RoboCupRescue Scenario: C1 and C2 denote the two fire locations, F1, F2 and F3 denote fire stations 1, 2 and 3 respectively and A denotes the ambulance center.

2.2 Team-Oriented Programming

The aim of the team-oriented programming (TOP) (Pynadath & Tambe, 2003; Tambe et al., 2000; Tidhar, 1993b) framework is to provide human developers (or automated symbolic planners) with a useful abstraction for tasking teams. For domains such as those described in Section 2.1, it consists of three key aspects of a team: (i) a team organization hierarchy consisting of roles; (ii) a team (reactive) plan hierarchy; and (iii) an assignment of roles to sub-plans in the plan hierarchy. The developer need not specify low-level coordination details. Instead, the TOP interpreter (the underlying coordination infrastructure) automatically enables agents to decide when and with whom to communicate and how to reallocate roles upon failure. The TOP abstraction enables humans to rapidly provide team plans for large-scale teams, but unfortunately, only a qualitative assessment of team performance is feasible. Thus, a key TOP weakness is the inability to quantitatively evaluate and optimize team performance, e.g., in allocating roles to agents only a qualitative matching of capabilities may be feasible. As discussed later, our hybrid BDI-POMDP model addresses this weakness by providing techniques for quantitative evaluation.
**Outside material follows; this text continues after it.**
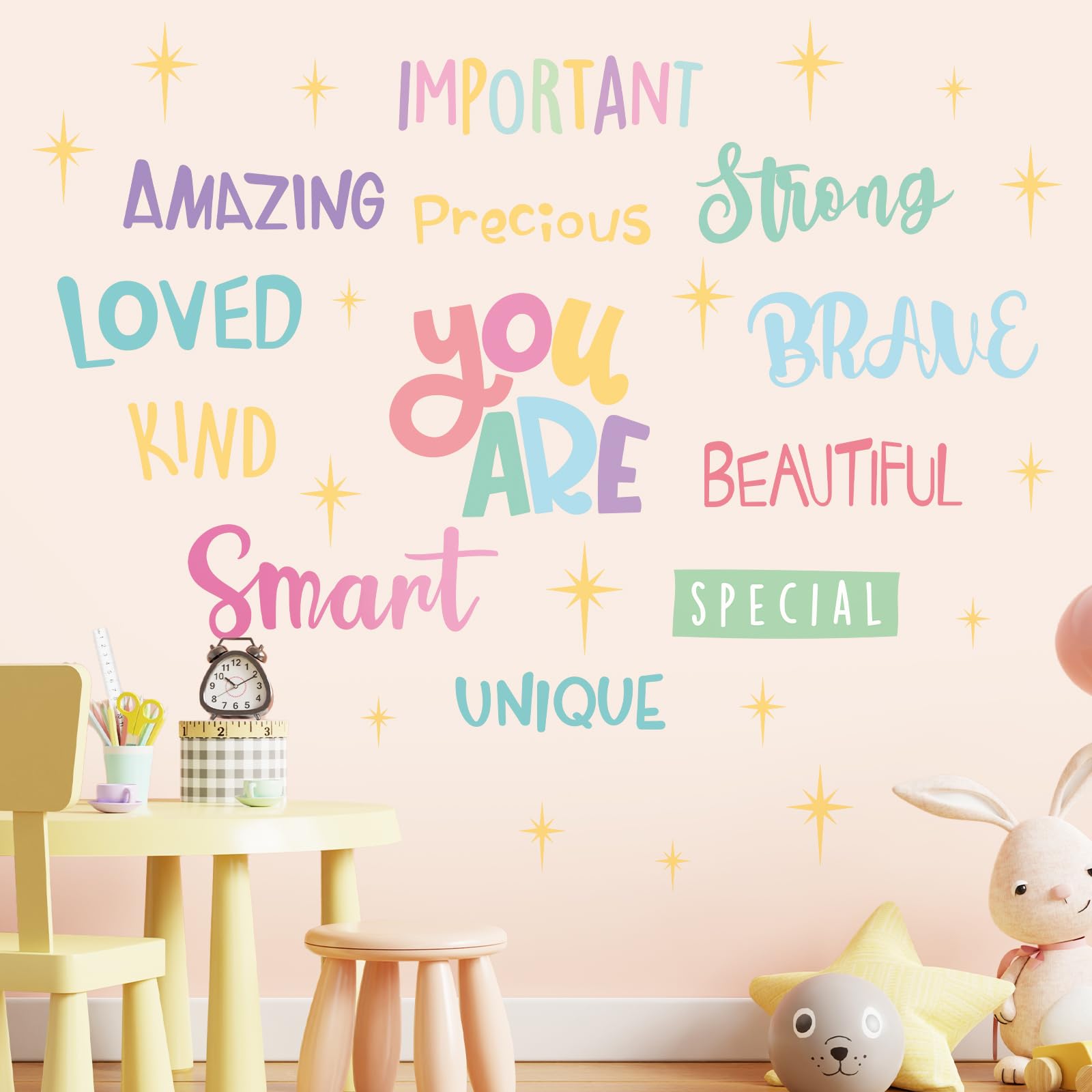 SHUCHING Inspirational Quotes Wall Decal Peel and Stick, Vinyl DIY Wall Sticker, Wall Decor for Girls Bedroom Nursery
As a concrete example, consider the TOP for the mission rehearsal domain. We first specify the team organization hierarchy (see Figure 4(a)). Task Force is the highest level team in this organization and consists of two roles Scouting and Transport, where the Scouting sub-team has roles for each of the three scouting sub-sub-teams. Next we specify a hierarchy of reactive team plans (Figure 4(b)). Reactive team plans explicitly express joint activities of the relevant team and consist of: (i) pre-conditions under which the plan is to be proposed; (ii) termination conditions under which the plan is to be ended; and (iii) team-level actions to be executed as part of the plan (an example plan will be discussed shortly). In Figure 4(b), the highest level plan Execute Mission has three sub-plans: DoScouting to make one path from X to Y safe for the transports, DoTransport to move the transports along a scouted path, and RemainingScouts for the scouts which have not reached the destination yet to get there.







Figure 4:

TOP for mission rehearsal domain a: Organization hierarchy; b: Plan hierarchy.
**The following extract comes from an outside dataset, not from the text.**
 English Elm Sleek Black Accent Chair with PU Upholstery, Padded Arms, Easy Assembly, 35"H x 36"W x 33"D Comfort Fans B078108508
Figure 4(b) also shows coordination relationships: An AND relationship is indicated with a solid arc, while an OR relationship is indicated with a dashed arc. Thus, WaitAtBase and ScoutRoutes must both be done while at least one of ScoutRoute1, ScoutRoute2 or ScoutRoute3 need be performed. There is also a temporal dependence relationship among the sub-plans, which implies that sub-teams assigned to perform DoTransport or RemainingScouts cannot do so until the DoScouting plan has completed. However, DoTransport and RemainingScouts execute in parallel. Finally, we assign roles to plans – Figure 4(b) shows the assignment in brackets adjacent to the plans. For instance, Task Force team is assigned to jointly perform Execute Mission while SctTeamA is assigned to ScoutRoute1.
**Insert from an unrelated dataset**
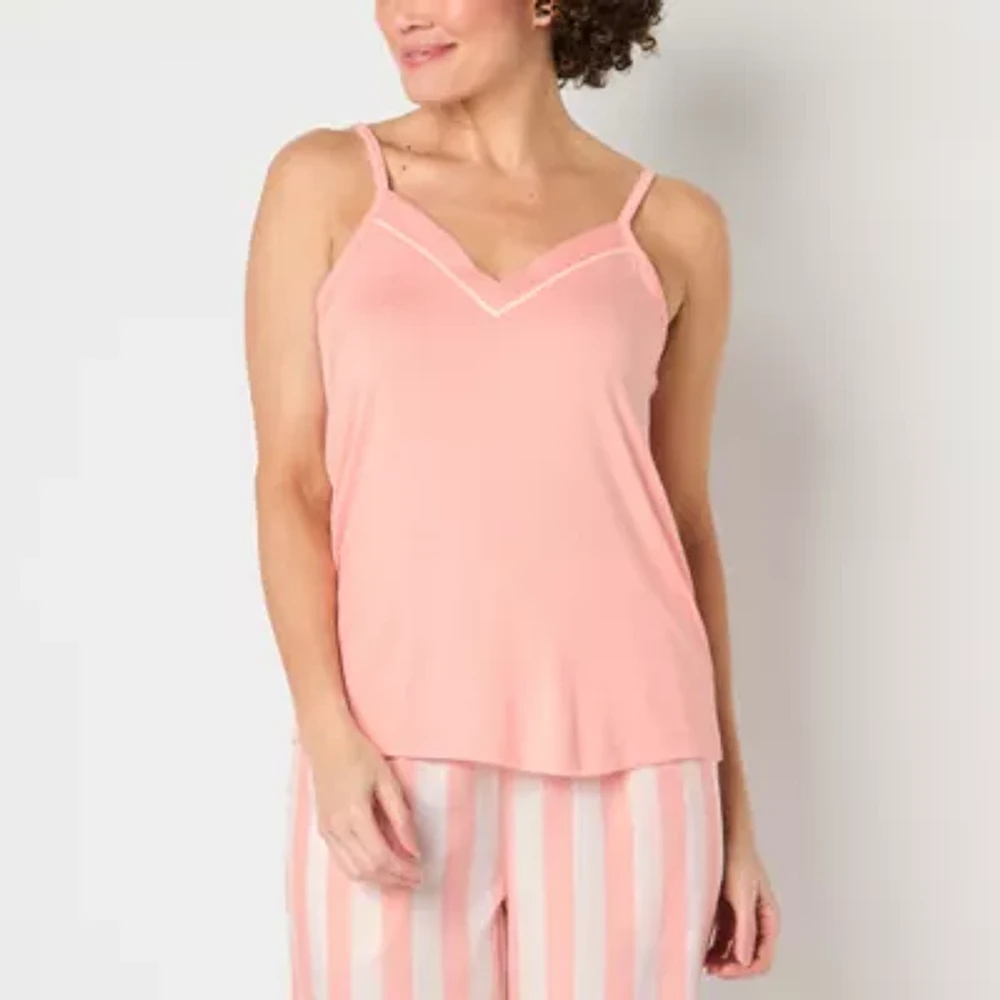 Liz Claiborne Cool and Calm Womens Sleeveless V Neck Pajama Top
The team plan corresponding to Execute Mission is shown in Figure 5. As can be seen, each team plan consists of a context, pre-conditions, post-conditions, body and constraints. The context describes the conditions that must be fulfilled in the parent plan while the pre-conditions are the particular conditions that will cause this sub-plan to begin execution. Thus, for Execute Mission, the pre-condition is that the team mutually believes (MB)1 that they are the “start” location. The post-conditions are divided into Achieved, Unachievable and Irrelevant conditions under which this sub-plan will be terminated. The body consists of sub-plans that exist within this team plan. Lastly, constraints describe any temporal constraints that exist between sub-plans in the body. The description of all the plans in the plan hierarchy of Figure 4(b) is given in Appendix A.

Pre-conditions: (MB <TaskForce> location(TaskForce) = START)
Achieved: (MB <TaskForce> (Achieved(DoScouting) Achieved(DoTransport))) (time > T (MB <TaskForce>
Achieved(RemainingScouts) ( helo ScoutingTeam, alive(helo) location(helo) ⁄=END)))
Unachievable: (MB <TaskForce> Unachievable(DoScouting)) (MB <TaskForce> Unachievable(DoTransport)
(Achieved(RemainingScouts) ( helo ScoutingTeam, alive(helo) location(helo) ⁄=END)))
Constraints: DoScouting DoTransport, DoScouting RemainingScouts

Figure 5:

Example team plan. MB refers to mutual belief.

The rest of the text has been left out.